%%
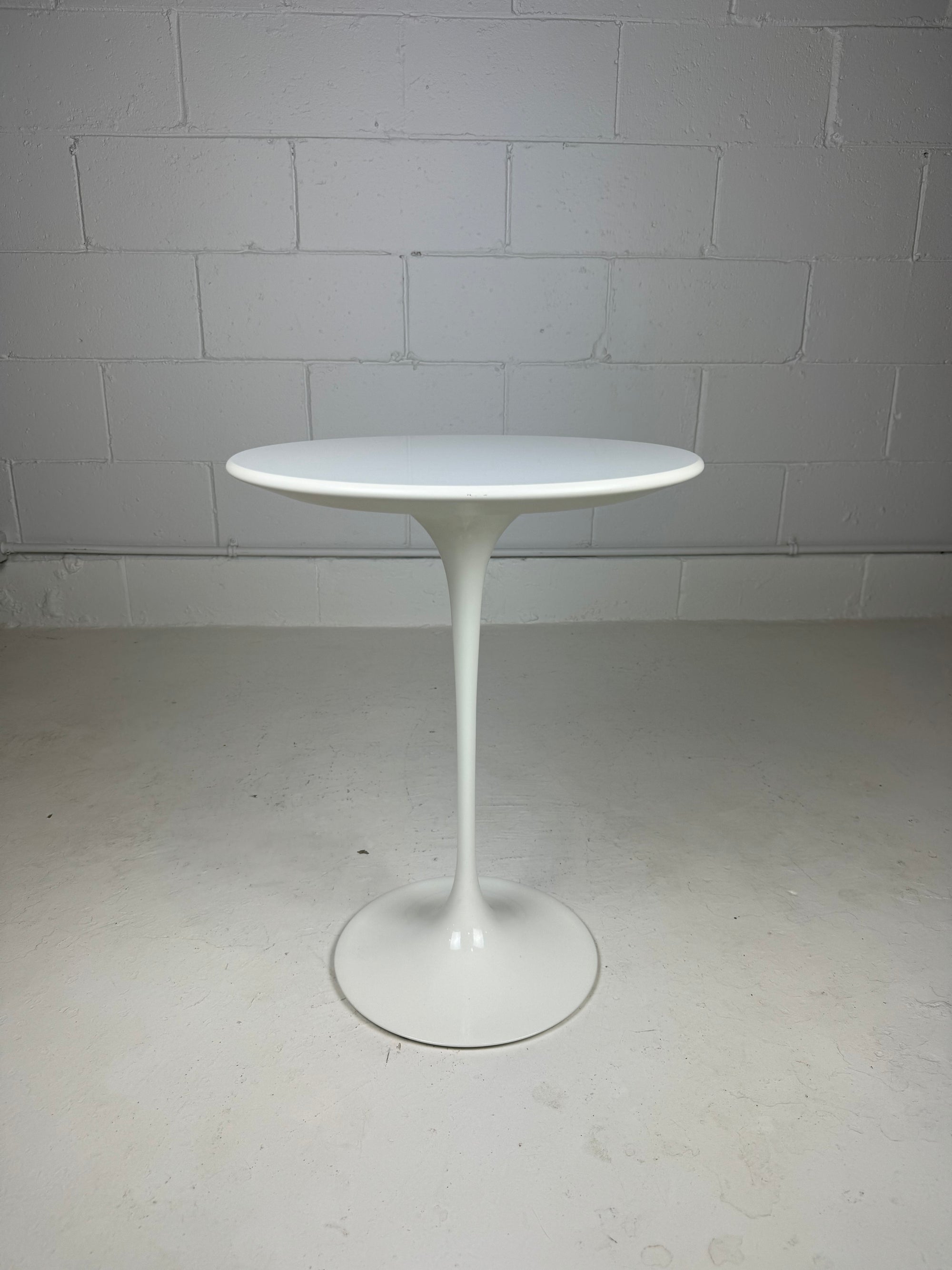 Knoll Saarinen Tulip Side Table 16"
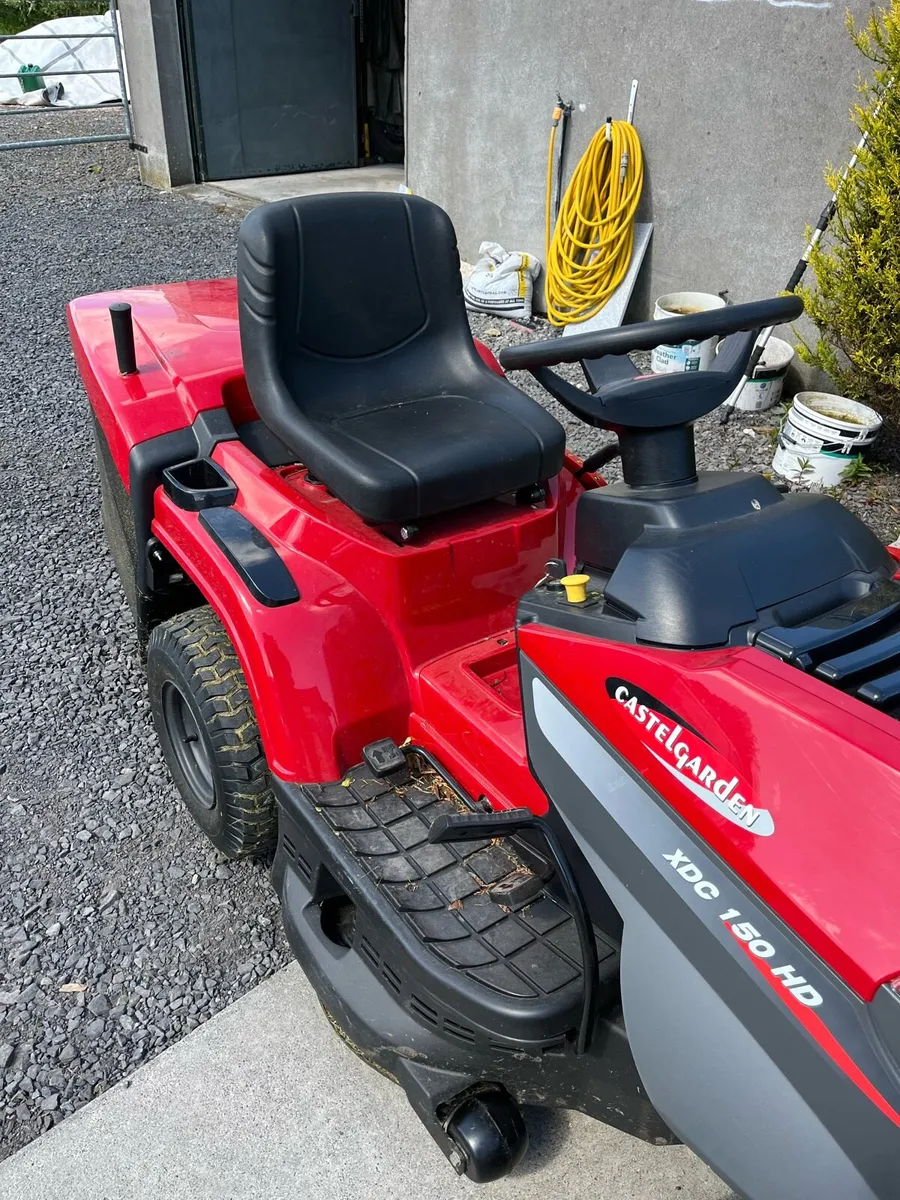 Ride on lawnmower - Image 2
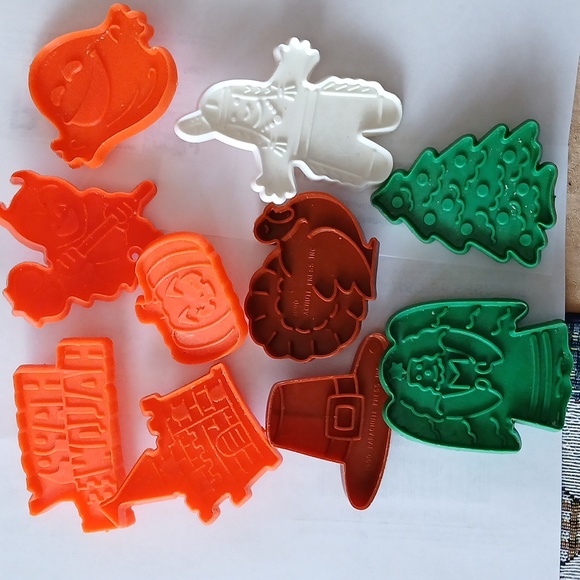 Fall Holiday Themed Cookie Cutters Set of 10 - Picture 1 of 5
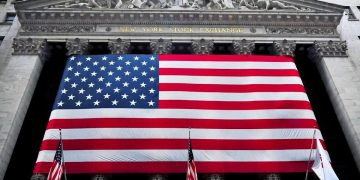 Dollar Falls on Interest Rate Differential Outlook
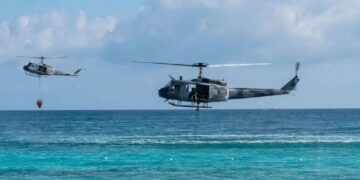 Despliegan helicópteros para apoyar extinción de incendio en hotel de Bayahíbe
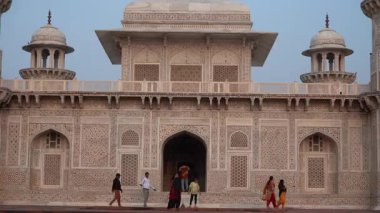 AGRA, INDIA, 26 Ağustos 2022: Hindistan 'ın Agra kentindeki en ünlü tarihi eser olan Itmad-ud-Daulah, Baby Taj veya Jewel Box' a turist ziyareti
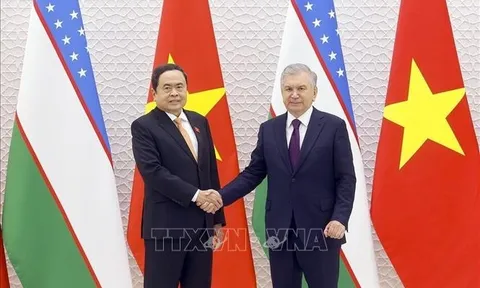 Chủ tịch Quốc hội Trần Thanh Mẫn hội kiến Tổng thống Uzbekistan Shavkat Mirziyoyev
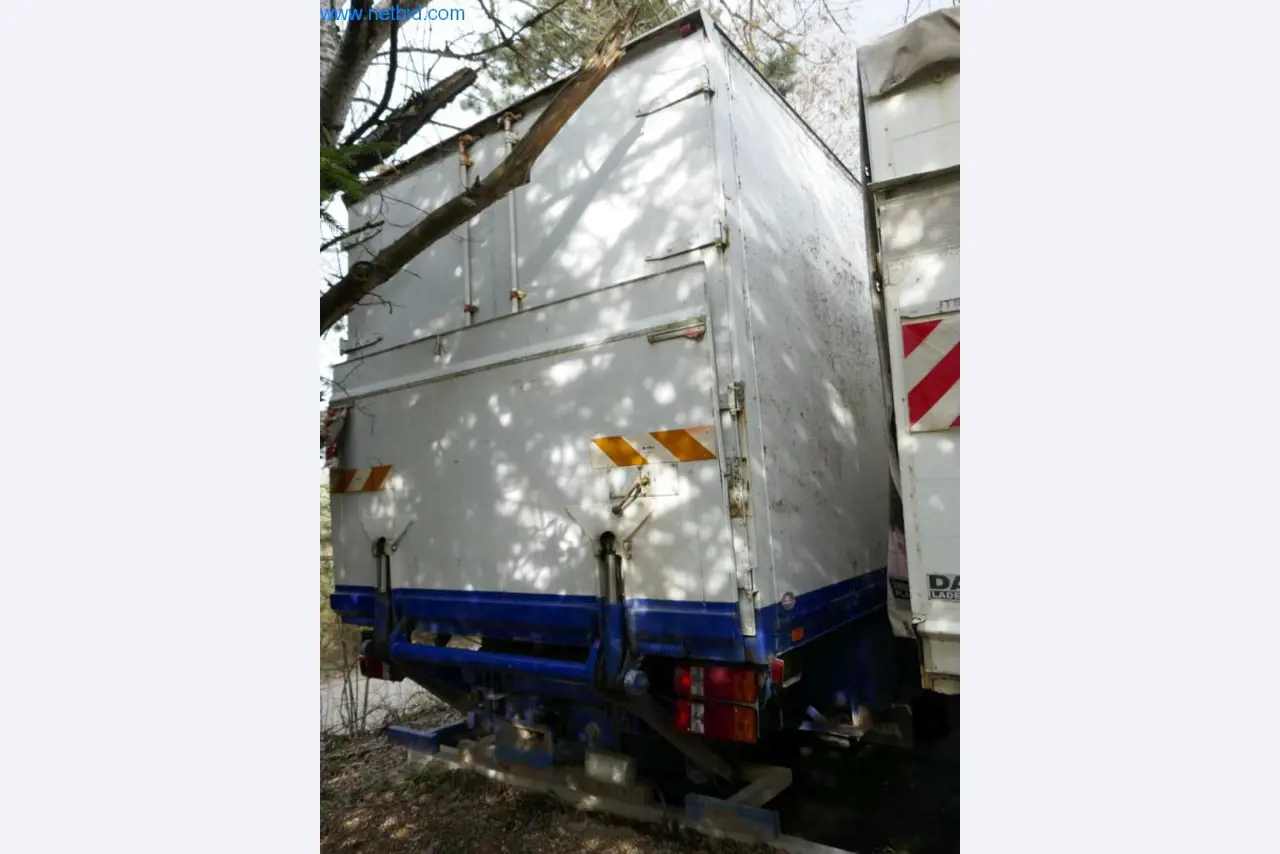 Pojazdy, akcesoria do samochodów ciężarowych i maszyny budowlane-6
%%
- [About this task]
From the listing above, restate verbatim the lines running from the one with "Dollar Falls on" through the one with "Despliegan helicópteros para", inclusive, but not the pictures.

- [Result of the exercise]
 Dollar Falls on Interest Rate Differential Outlook
 Despliegan helicópteros para apoyar extinción de incendio en hotel de Bayahíbe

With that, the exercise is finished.